Wednesday, February 4, 2009
the one who wanted to have an affair
Suddenly, n.g. messaged me out of the blue. “Hmm… it’s been ages since we chatted,” I thought as I saw his nick flashing, indicating an unread message.
“Hey, you look so pretty,” he typed. I laughed it off. In my mind, he’s always been a joker. n.g. was a former client by the way, in my former company. He was the kaypoh sort who’d crack stupid jokes to people. He was witty too… in an R(A) sort of way.
Once, he disappeared from work for a couple of days and when he returned, told my ex-colleague that he attended a course. “What course?” she asked, genuinely curious. “Intercourse,” he quipped. So yea… you get the idea what sort of person he is…
Anyway, we just updated each other on what we were doing before he went on to confide in me how he’s always been interested in girls of other races. “Uhoh…” I didn’t think I’d like where the conversation was leading.

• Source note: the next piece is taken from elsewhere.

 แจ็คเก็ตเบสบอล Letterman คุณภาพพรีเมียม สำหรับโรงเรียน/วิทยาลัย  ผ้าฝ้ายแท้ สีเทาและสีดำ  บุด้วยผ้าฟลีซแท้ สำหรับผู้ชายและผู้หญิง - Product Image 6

Ok, the conversation went something like this:
n.g: you want to go out on a date?
(I recalled how I had been invited to his wedding a year ago. Ok… I better clarify before this becomes an embarrassing misunderstanding)
me: huh? What do you mean?
n.g: i am serious wanna have affair with you la… date meaning...going out as bf and gf lor. but secretly la
(silence)
n.g: your jaw drop is it... hee
me: so this is what you’ve been doing behind your wife’s back is it?
n.g: no lah never do this kind of thing before...if you are ok with it...you are the first lor
What the hell? I felt so insulted. He still had the cheek to tell me I would be the first! I was so pissed, I ignored him and immediately complained to a couple of friends online. “Not all men are like that,” my male friend, a staunch Christian assured me when I roared and ranted about how men nowadays are unfaithful and simply cannot be trusted.
“He sounds like he's trying to be funny and thinking that its cute. He doesn’t even sound serious. Think you're taking it too seriously,” my female friend said.
Was I taking things too seriously? I don’t know. All I knew was that I’ve known him to be quite cheeky but harmless. And I HAD been having a bad week, maybe it got the better of me? Maybe I will see the humour in this once I cool down, I talked to myself.
Well eventually I chucked it in the dusty crevices of my brain and forgot all about it. Until…
I attended an ex-colleague’s wedding a year later. A few close former colleagues and clients were also invited. And guess who should waltze over to my table? n.g. approached another of my colleague to say hi. I didn’t think he realized I was there. When I turned around to face him, his eyes darted away.
Hmm… if what happened had been a joke, he could have at least looked me in the eye, right? But noo... we never made eye contact. Well, cos he avoided mine. I looked at him directly as he stood there, all tall, dark and… well… NOT handsome.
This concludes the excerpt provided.